As the Communist Bund merged with the Communist Party, Der Veker became the main organ of the Yevsektsiya (Jewish section of the Communist Patrty) in the Byelorussian Soviet Socialist Republic on April 21, 1921.[3][5] Elye Osherovitsh was named editor in chief of the newspaper in 1922.[3] At this point, the editorial staff was overwhelmingly made up by ex-bundists.[3] At the time, Der Veker was one of three main Yiddish dailies in the soviet republics (together with Der Emes in Moscow and Komunistishe fon in Kiev).[3] In July 1922, the daily circulation of Der Veker was about 2,500.[3] In mid-1922 the Yevsektsiya launched a campaign to increase subscriptions for the newspaper.[3] The Yiddish used in Der Veker was heavily influenced by Russian vocabulary, in contrast to the purist Yiddish used in Der Emes.[9]

On November 7, 1925, on the eighth anniversary of the October Revolution, the newspaper was replaced by Oktyabr ('October').[10][3][4] The name of the new publication was unequivocally Bolshevik, the usage of old bundist names had irked Jewish communist in Belorussia for some time as the Bund and the Jewish communists had a legacy of hostility.[3][4]

References

  1. Jewish Serials of the World: A Supplement to the Research Bibliography of Secondary Sources.
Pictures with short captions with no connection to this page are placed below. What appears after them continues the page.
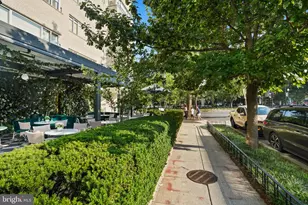 1718 P St NW, Washington, DC 20036 - Photo 32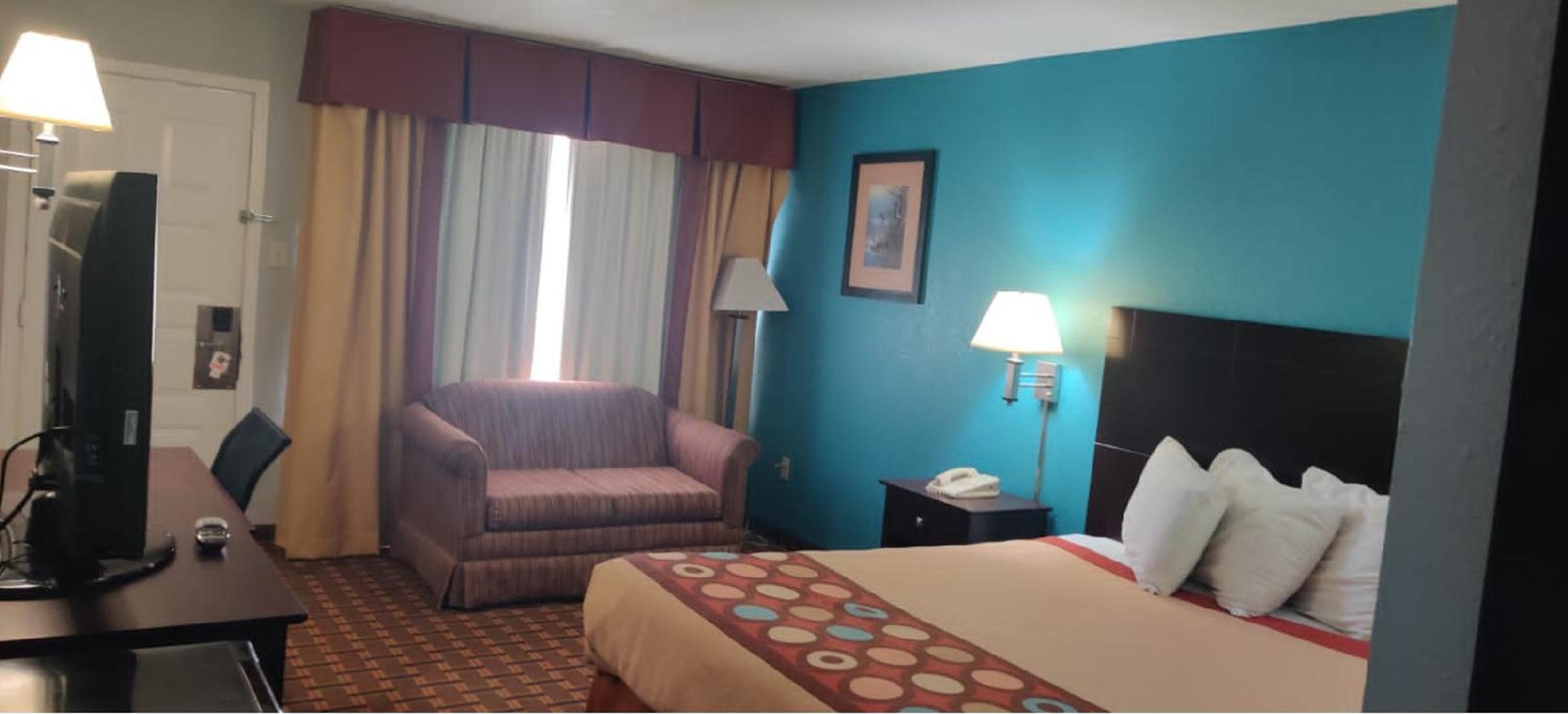 King Room - Non-Smoking - Photo 4
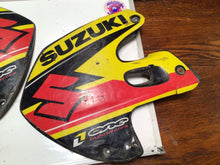 Load image into Gallery viewer, 1996-  2000 Suzuki RM250 or RM125 Motocross Radiator Shrouds rad scoops
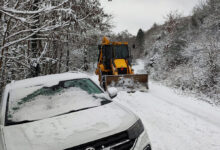 Απεγλωβισμός οχήματος Σπάρτη χιόνια (1)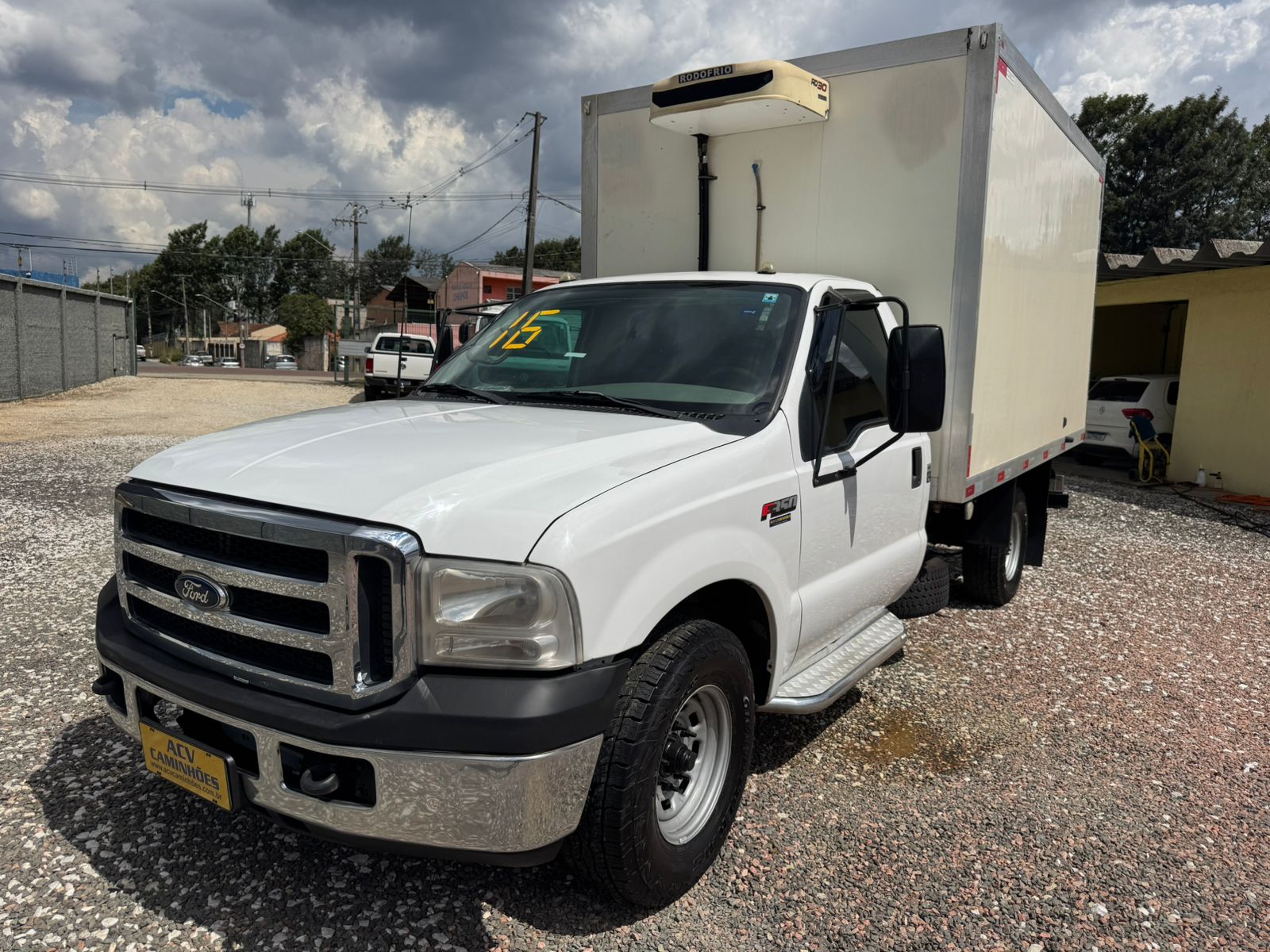 F-350 2016 BAÚ REFRIGERADO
Greenwood Publishing Group. 2001. p. 420. ISBN 978-0-313-30663-1.
  2. 1 2 Elissa Bemporad; Stanford University. Dept. of History (2006). Red star on the Jewish street: the reshaping of Jewish life in Soviet Minsk, 1917-1939. Stanford University. pp. 90, 283.
  3. 1 2 3 4 5 6 7 8 9 10 11 Elissa Bemporad (29 April 2013). Becoming Soviet Jews: The Bolshevik Experiment in Minsk. Indiana University Press. pp. 61–62, 227. ISBN 978-0-253-00827-5.
  4. 1 2 3 4 5 6 7 8 Gennady Estraikh (21 March 2005). In Harness: Yiddish Writers' Romance with Communism. Syracuse University Press. p. 105. ISBN 978-0-8156-3052-4.
  5. 1 2 Arie Bar (1980). The Jewish Press that was: Accounts, Evaluations, and Memories of Jewish Papers in Pre-Holocaust Europe. World Federation of Jewish Journalists. pp. 286, 288.
  6. Gershon David Hundert (2008). The YIVO Encyclopedia of Jews in Eastern Europe. Yale University Press. p. 1178. ISBN 978-0-300-11903-9.
  7. David Shneer (13 February 2004). Yiddish and the Creation of Soviet Jewish Culture: 1918-1930. Cambridge University Press. p. 249. ISBN 978-0-521-82630-3.
  8. Zvi Gitelman (8 March 2015). Jewish Nationality and Soviet Politics: The Jewish Sections of the CPSU, 1917-1930. Princeton University Press. p. 254. ISBN 978-1-4008-6913-8.
  9. Isabelle T. Kreindler (1985). Sociolinguistic perspectives on Soviet national languages: their past, present and future. Mouton de Gruyter. p. 290. ISBN 978-3-11-010211-6.
  10. David Benjamin Schneer (2001). A Revolution in the Making: Yiddish and the Creation of a Soviet Jewish Culture. University of California, Berkeley. p. 339.